Augusto Morales


Cada punto de la reforma constitucional a la justicia, como algunas otras escasas reformas, despierta enconadas y apasionadas polémicas. Y no es para menos, pues ahora está más cerca en juego no solo la suerte de una de las tres Ramas del Estado y el rumbo que tomará frente a la comunidad, sino porque afecta múltiples o plurales intereses y fuerzas de poder. Lo último que se conoce es que mientras la Corte Suprema de Justicia apoya lo que existe en el sexto debate, los Consejos de Estado y Superior de la Judicatura abogan porque sucumba el proyecto y se tramite otro, producto de una concertación.
No es de común ocurrencia que un proyecto de reforma constitucional, o de ley, se socialice con los interesados en el tema, lo que sí ocurrió con el proyecto de modificación a la Rama Judicial, ‘untándola’ así de algo de democracia, y aunque se critica los largos meses, al parecer de inane discusión en búsqueda de consenso del proyecto antes de su presentación por el Gobierno a consideración del poder Constituyente (Congreso de la República), los ires y venires parecieron congregar luego la voluntad afirmativa de los Supremos Tribunales de Casación y de lo Contencioso Administrativo, dejando a un lado la desesperada lucha del Consejo de la Judicatura por evitar su desaparición. A estas alturas (restan únicamente dos debates en la Cámara de Representantes para eventualmente convertirse el proyecto en norma constitucional) sigue en una completa incertidumbre sobre lo que finalmente acaecerá.
Uno de esos puntos polémicos lo constituye precisamente tanto el aumento del período (de 8 a 12 años), como de la edad de retiro forzoso (de 65 a 70 años) de los magistrados de las Cortes Suprema de Justicia, Constitucional y Consejo de Estado (¿Por qué no al Fiscal?), con lo que se modificaría el artículo 233 de la Constitución, cuestionamiento que se ha agravado al plantearse incluirse su vigencia incluyendo a sus actuales integrantes.

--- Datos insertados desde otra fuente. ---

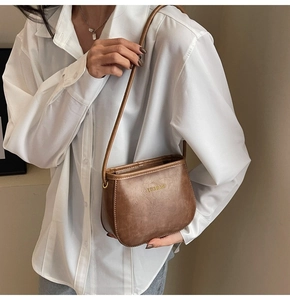 Dettaglio borsa a tracolla vintage in pelle PU marrone con trama a pieghe e logo dorato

Dice la experiencia que el período de ocho (8) años de un Magistrado de esas Cortes es un lapso sumamente breve, pues el cúmulo de trabajo que encuentra al posesionarse difícilmente le permite desempeñarse a cabalidad en el destino; no se aprovecha debidamente la sabiduría que pueda ostentar, sino que afecta la estabilidad o permanencia de la jurisprudencia: Cada quien -y es humano-, aspira a dejar su impronta en el corto camino que recorre. Doce (12) años no anquilosa el papel de esos juzgadores, pero tampoco dinamiza sus dictámenes hasta el punto de afectar el principio de la seguridad jurídica.
Si se aumenta la edad de ingreso a esas altas Cortes (50 años como mínimo), y se mantuviera la ‘vida útil’ actual (hasta los 65 años), se me ocurre que no serían muchos quienes podrían cumplir con el período de 8 años vigente, como también no serían pocos a los que se les impediría eventualmente llegar por no poder abarcarlo completamente. Por ello, aumentada la edad de arribo a las cimas de la justicia, es apenas lógico que se aumente la edad de retiro obligatorio a los 70 años, aunque de esto podría surgir una discriminación injustificada con el resto de funcionarios de la justicia, y por qué no, del mismo Estado cuando la mayoría de sus servidores accede por concurso de méritos.
Que la novel disposición busque cobijar a los actuales altos magistrados (lo que también es humano que lo quieran con razones que también se justifican), es un asunto de definición por parte del Congreso, pero si como se ha presentado, pudo hacer parte de concesión de voluntades, nacerá la reforma con una distorsión o mácula imborrable por la alta dosis de duda que el punto ha generado; ese costo político no lo pueden asumir las Cortes porque generaría la desconfianza de la comunidad que ve en la Rama Judicial el oasis o refugio del Estado Social de Derecho.